Since the 4B access pattern results in a higher hit rate, reducing the block size for 8B to 4B would increase the hit rate the most. This is an interesting example because both 16B and 4B block sizes resulted in a higher hit rate than the 8B block size for this particular example. The 16B trace does better because it reduces the number of compulsory misses, but it still suffers from the conflicts in the first loop. The 8B trace does best because, while there are more compulsory misses, it reduces conflicts in each of these loops with 4 or less instructions in it and exploits temporal locality in the instruction access pattern. This does not indicate that a 4B block size is better in all circumstances, but it is true in this case.

In today’s production caches, there are many more blocks in the cache, and they are also typically associative reducing the number of conflict misses. As a point of comparison, this is the access pattern for a 8B block size with a fully associative cache and LRU replacement policy.

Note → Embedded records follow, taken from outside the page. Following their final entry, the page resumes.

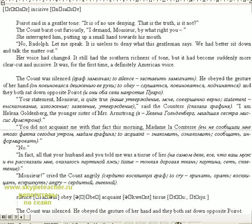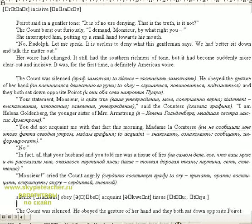The Count was silenced. He obeyed the gesture of her hand and they both sat down opposite Poirot. "Monsieur, it is quite true," said the Countess. "I am Helena Goldenberg, the sister of Mrs. Armstrong."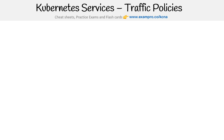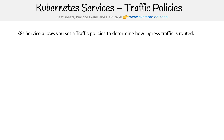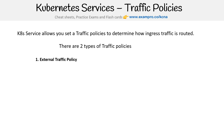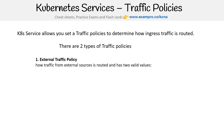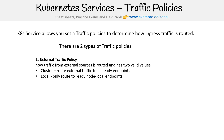Let's talk about traffic policies for services. A service allows you to set a traffic policy to determine how ingress traffic is routed. There are two types of traffic policies. External traffic policy — how traffic from external sources is routed — has two valid values: cluster, which routes traffic to all ready endpoints, and local.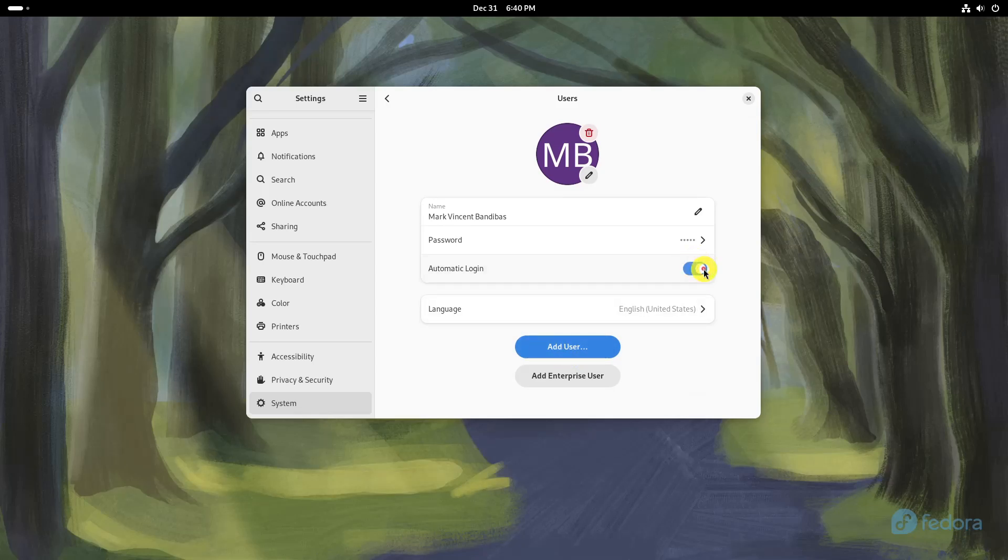If there's an apply or OK button, click it to save your changes. If there is no such button, simply close the settings window.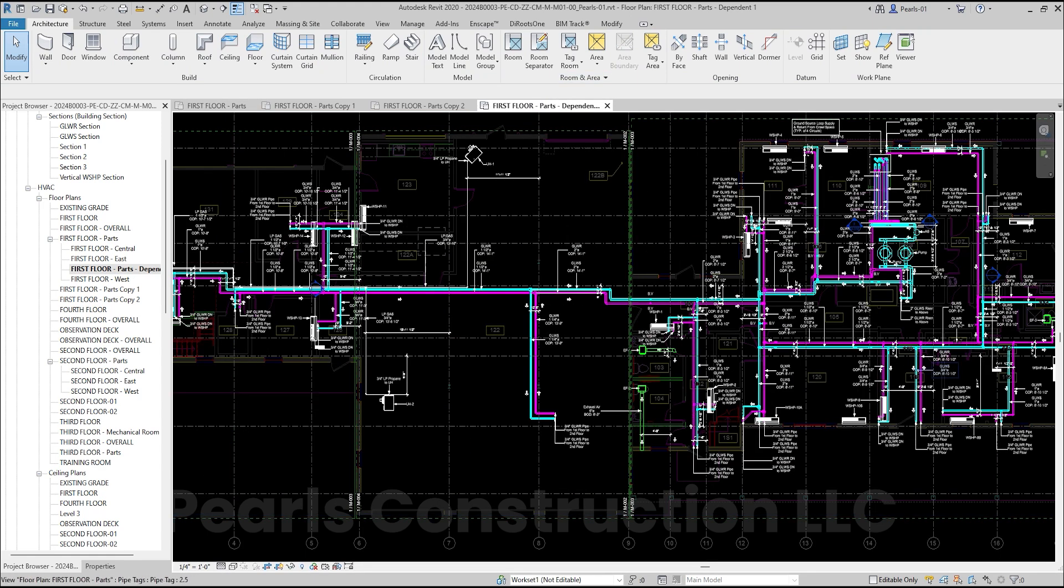Duplicating views in Revit is a great way to stay organized and efficient in your projects. Remember to choose the option that best fits your workflow, whether you need a blank slate, detailed annotations, or a linked view for coordination.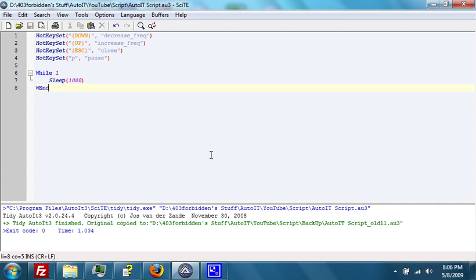What we then do is do the infinite while loop, which will simply have the script sleep for 1000 milliseconds, or one second.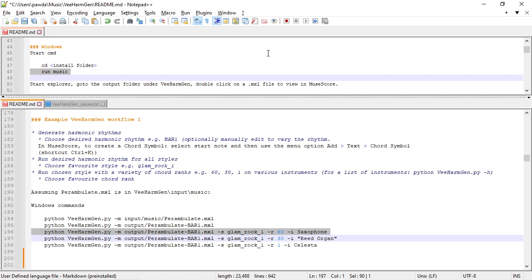We've checked that VHarmGen works on the quick start. And we've done a quick workflow. So I hope you've enjoyed that and give it a try. Thanks, bye.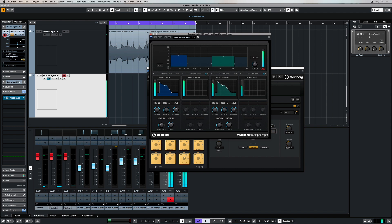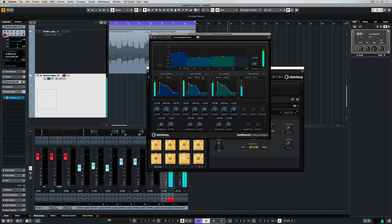A multiband envelope shaper is useful over a number of different music production applications, but it is especially cool to use over the top of drums and drum loops. Don't be afraid to give it a go and throw it over the top of a drum loop just so you become familiar with it.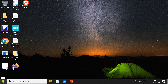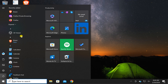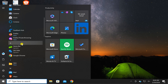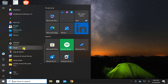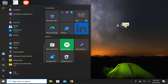First, click on the Start button and then scroll down in the menu to find the Settings app. Select it and drag it to the free space on the desktop.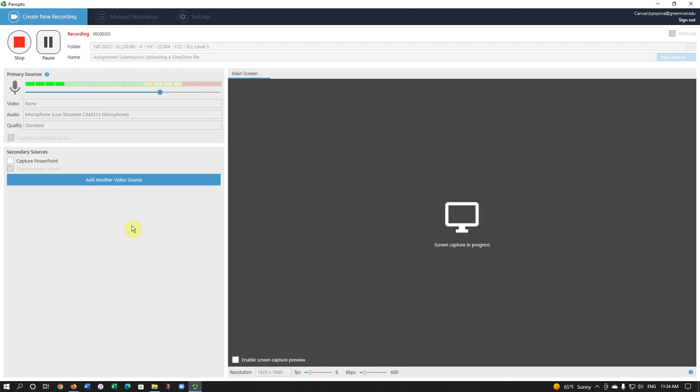This video will show you how to upload a file from your OneDrive into an assignment in order to submit that assignment.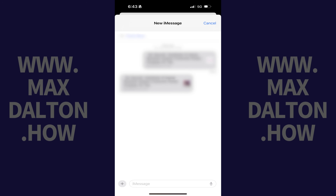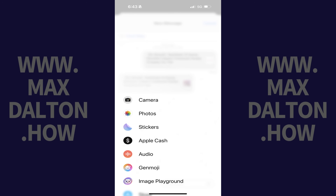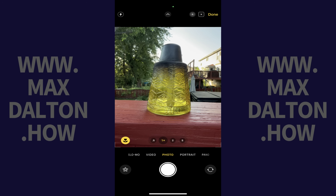Step 2. Tap the plus icon to open a menu, and then tap Camera. Your iPhone camera opens.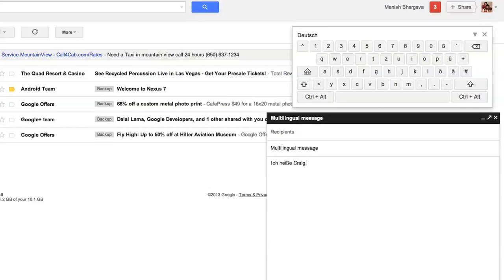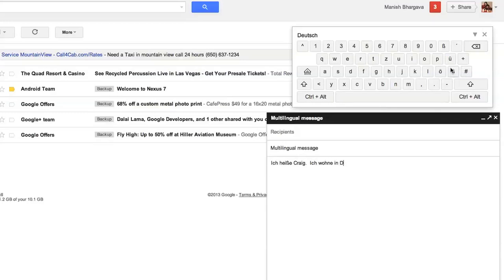And ich wohne in D, and then I can use either the keyboard or with the mouse to select from the keyboard to type in the characters for ich wohne in Düsseldorf, which means I live in Düsseldorf.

8B block, 2-way associative

I didn’t include the cache state here because it wasn’t a part of the problem and I wanted to save a little time writing this.

Address	1st time	2-4	Accesses	Hits	Misses
`0x0044`	miss	miss	4	0	4
`0x0048`	miss	miss	4	0	4
`0x004C`	hit	hit	4	4	0
`0x0050`	miss	miss	4	0	4
`0x0044`	miss	n/a	1	0	1
`0x0048`	miss	n/a	1	0	1
`0x0060`	miss	n/a	1	0	1
`0x0064`	hit	n/a	1	1	0
`0x0054`	miss	hit	4	3	1
`0x0058`	miss	hit	4	3	1
`0x005C`	hit	hit	4	4	0
Sum			32	15	17

It turns out that making the cache associative is worse because the LRU replacement policy does the wrong thing repeatedly. The hit rate is under 50%.